26.8.09

Christian Boltanski Bets Against the House

Christian Boltanski, one of France's most important conceptual artists (see some more of his work toward the bottom of this post), continues to make waves. After creating a library of recorded heartbeats that will be housed on a Japanese island, Boltanski has struck an unusual deal with a man in Tasmania. This man used his extraordinary mathematical gifts to amass a huge fortune by gambling, until he was banned from every casino in the world. He wanted to add something by Boltanski to his art collection, and the artist decided to appeal to the man's love of gambling, as Boltanski explained in an interview with Philippe Dagen (Christian Boltanski : "Je joue une partie contre le diable", July 30) for Le Monde (my translation):
"Beginning on January 1, 2010, four cameras will film the rest of my life and relay it live, up to the moment of my death. That's the main idea. The images will be broadcast live to a cave on his property, but he will be forbidden to interrupt the live broadcast and to show taped excerpts because they might be more interesting. The cave will be open to everyone, to whoever might want to see me living, doing nothing, speaking with you, eating, or sleeping. In Tasmania, the crowds should not be too large.

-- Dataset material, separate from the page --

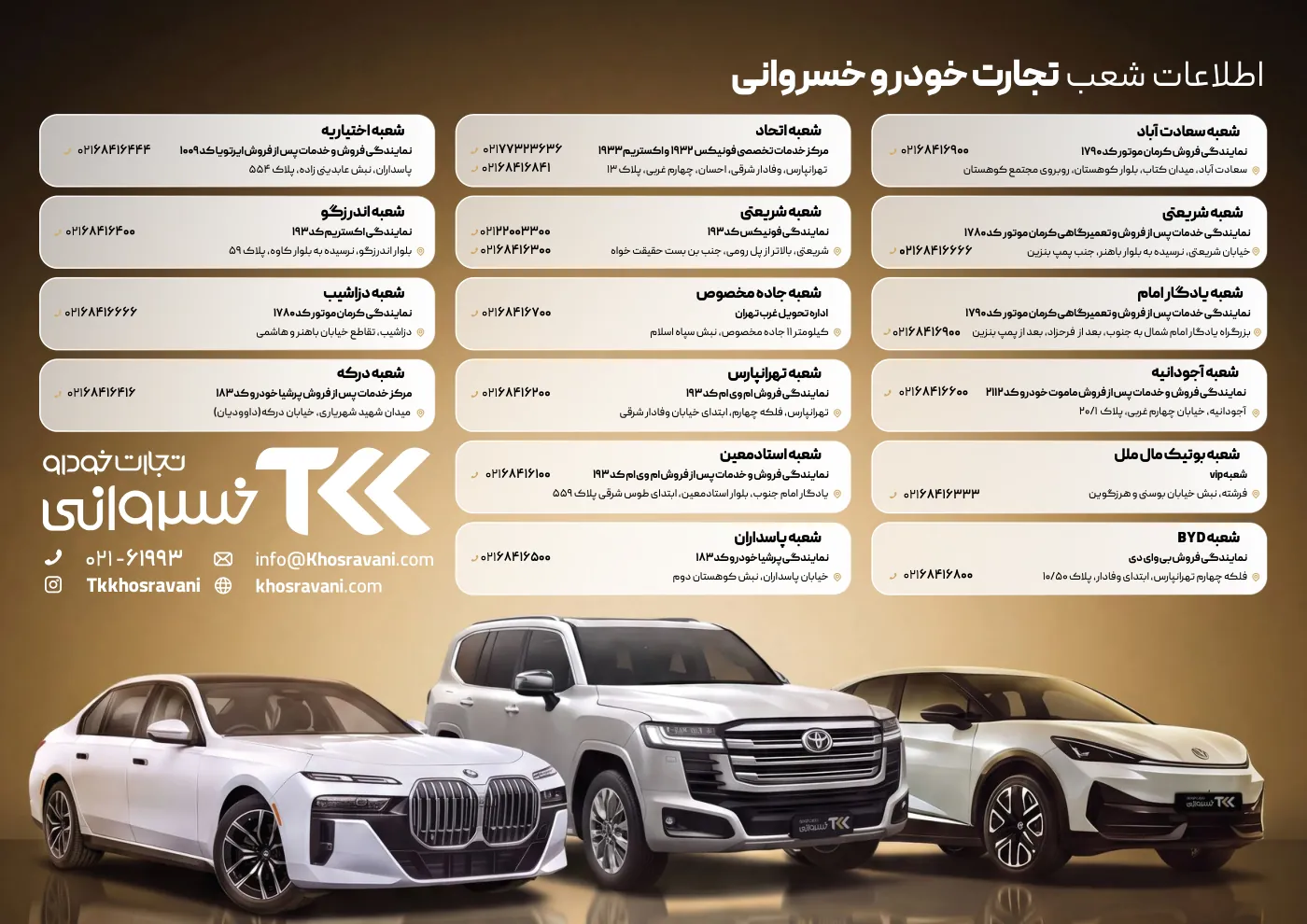 صفحه‌ی اول بروشور تجارت خودرو خسروانی — نشانی و شماره‌ی تماس شعب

This morning, with his agent, we discussed a payment plan en viager [in which the seller of a house continues to live in the property until his death, while the buyer pays the mortage, gaining the property when the seller dies]. If I die in the next eight years, he profits. If I live longer than eight years, he loses money. He will pay more than he should have. Since he never loses, he is crowing about having conquered fate. But who can say such a thing other than the devil? So, I am playing a hand against the devil, and I really hope I win. Let's be grandiloquent: it is like the chess match against death in Ingmar Bergman's The Seventh Seal.
Boltanski will celebrate his 65th birthday next month. He goes on to say later in the interview that there are four or five essential, unchanging questions asked in his art, including love, nature, sex, death. "My job," he said, "is to ask these questions with forms, sound, light, to ask them with anything but words." Boltanski insists more than once that he is a traditional artist in the old style: he has no assistants or secretary, because to pay for them would put too much pressure on him to sell his work. "I am not the boss of a little company," he adds, "which is something I see far too often." When he was young, the most important people were critics; then it became the curators of exhibits; now it is all about the price tag, which he calls "a sign of intellectual weakening, a sad debasement through speculation."